Die Rolle der Unternehmer
Unternehmer wie Antje von Dewitz beweisen, dass nachhaltiges Management nicht nur notwendig, sondern auch wirtschaftlich vorteilhaft sein kann. Sie argumentiert, dass ein ganzheitlicher Ansatz in der Wirtschaft, der Umwelt- und soziale Verantwortung integriert, die Zukunft der Unternehmen sichert. Es gibt bereits ein schwindendes Verständnis unter den Unternehmen, dass die Berücksichtigung von sozialen und ökologischen Aspekten nicht nur eine Pflicht ist, sondern auch strategische Bedeutung hat. Eine gemeinsame Anstrengung aller Firmen im Bereich Nachhaltigkeit könnte positiv auf die gesamte Branche wirken und Veränderungen herbeiführen.
Die Entscheidung galt eigentlich nur noch als Formsache. Am 9. Februar wollen die Mitgliedstaaten der Europäischen Union darüber abstimmen, ob sie den Großteil der Unternehmen in der EU dazu verpflichten, die Menschenrechte und bestimmte Umweltstandards in ihrer Lieferkette zu achten. Wenn also ein deutsches Unternehmen ein T-Shirt in Bangladesch produzieren lässt, muss es sicherstellen, dass die Kleidung nicht von Kindern genäht wird. Oder dass die umliegenden Flüsse nicht verpestet werden. Ist das zu viel verlangt von der deutschen Wirtschaft?

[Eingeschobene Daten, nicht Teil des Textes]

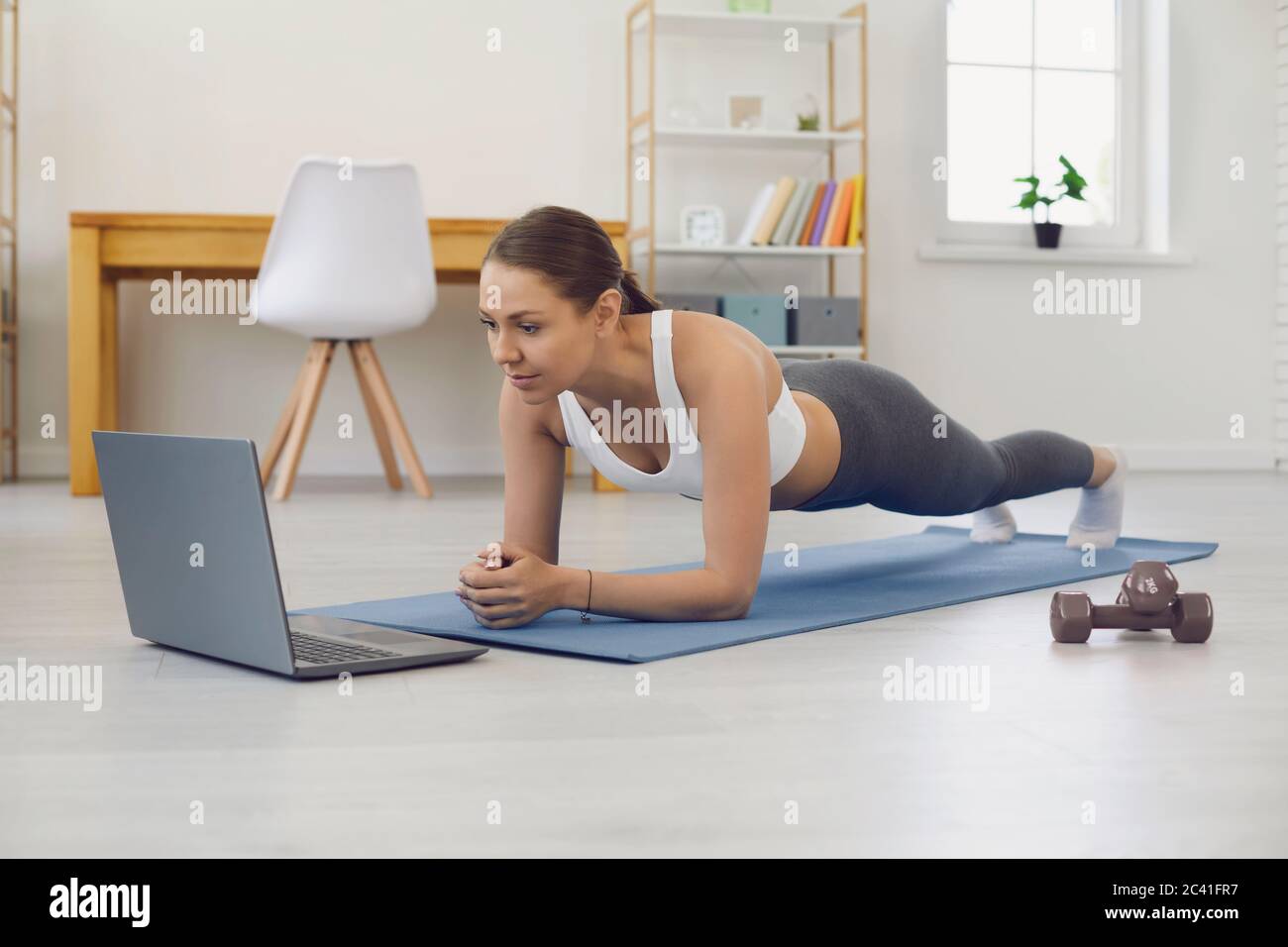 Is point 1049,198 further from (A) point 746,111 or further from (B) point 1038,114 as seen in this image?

Die FDP meint: Ja. Und hat sich unerwartet gegen das EU-Lieferkettengesetz gestellt, obwohl sie zuvor daran mitgearbeitet hatte. Antje von Dewitz, Unternehmerin und Chefin des Outdoorherstellers Vaude findet das Verhalten der FDP in dieser Frage "ganz, ganz, ganz katastrophal". Es werde damit ein "Pseudoschutz um Unternehmen" aufgebaut, der signalisiere: "Verantwortung in Lieferketten ist nicht so wichtig". Im ZEIT-Wirtschaftspodcast "Ist das eine Blase?" spricht von Dewitz auch darüber, wie viel Prozent vom Umsatz die Achtung der Menschenrechte und der Umwelt in ihrem Unternehmen kostet und wie sie selbst versucht, die Kontrolle über ihre Lieferkette zu wahren.
Außerdem gehen die ZEIT-Redakteure Carla Neuhaus und Zacharias Zacharakis der Frage nach, was genau in der EU nun beschlossen werden soll und wie sich das Gesetz unterscheidet von dem deutschen Lieferkettengesetz, das bereits seit einem Jahr gilt.
Der Wirtschaftspodcast "Ist das eine Blase?" erscheint immer montags und dreht sich um all das, was die Welt im Innersten zusammenhält: Geld, Macht, Gerechtigkeit. Immer mit einem Experten aus der Redaktion, einem Gast – und einem Tier.